**Records:**
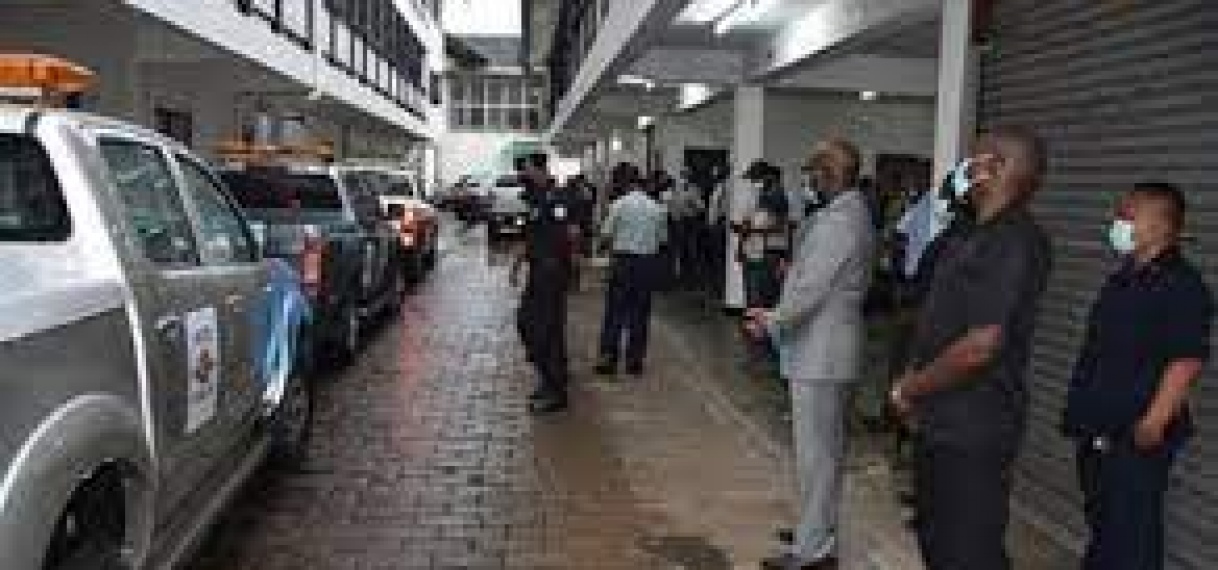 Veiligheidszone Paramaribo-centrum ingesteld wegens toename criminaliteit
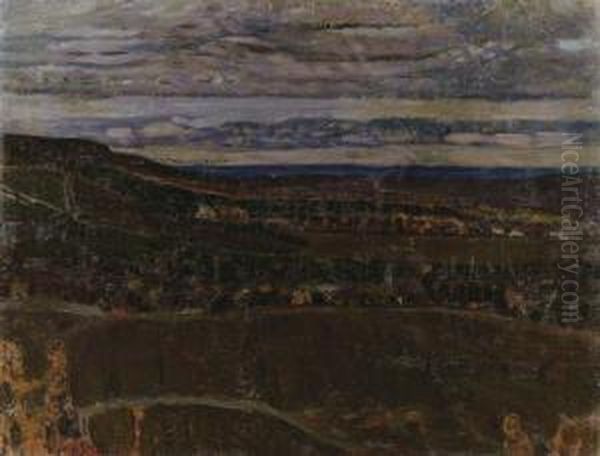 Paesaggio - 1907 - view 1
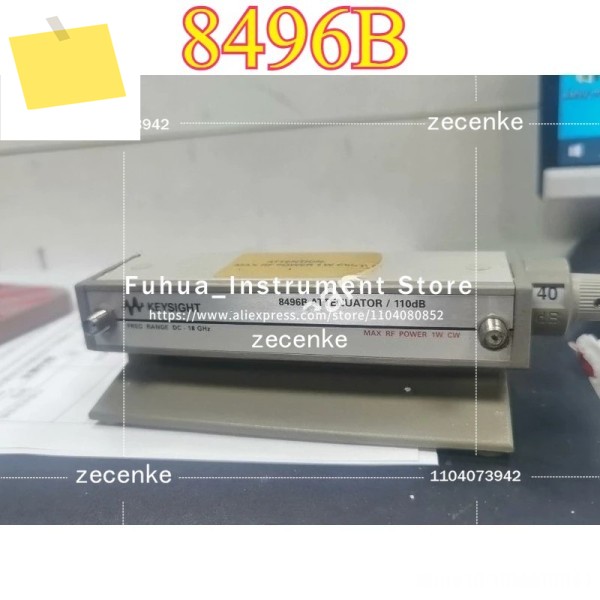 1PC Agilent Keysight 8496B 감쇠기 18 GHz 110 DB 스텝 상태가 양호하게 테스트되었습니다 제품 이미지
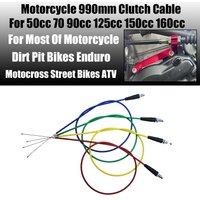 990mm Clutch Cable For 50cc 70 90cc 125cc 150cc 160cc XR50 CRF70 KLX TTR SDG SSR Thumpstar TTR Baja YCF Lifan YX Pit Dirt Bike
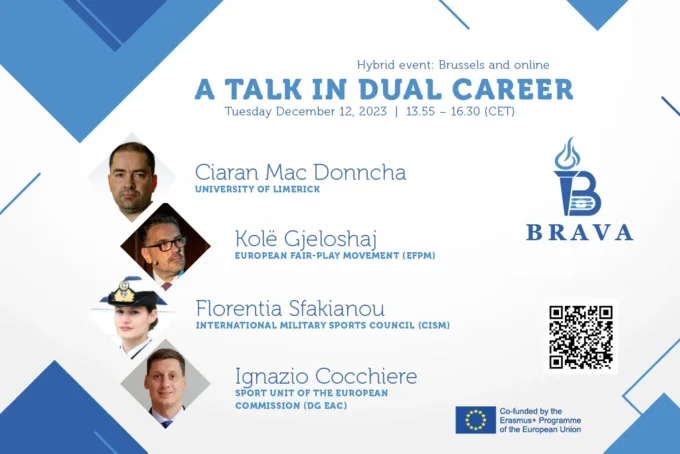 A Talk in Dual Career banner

**Problem description:** Only the lines from the one containing "990mm Clutch Cable" through the final line of the data are to be written out, exactly as they stand and without pictures.

**Task result:**
 990mm Clutch Cable For 50cc 70 90cc 125cc 150cc 160cc XR50 CRF70 KLX TTR SDG SSR Thumpstar TTR Baja YCF Lifan YX Pit Dirt Bike
 A Talk in Dual Career banner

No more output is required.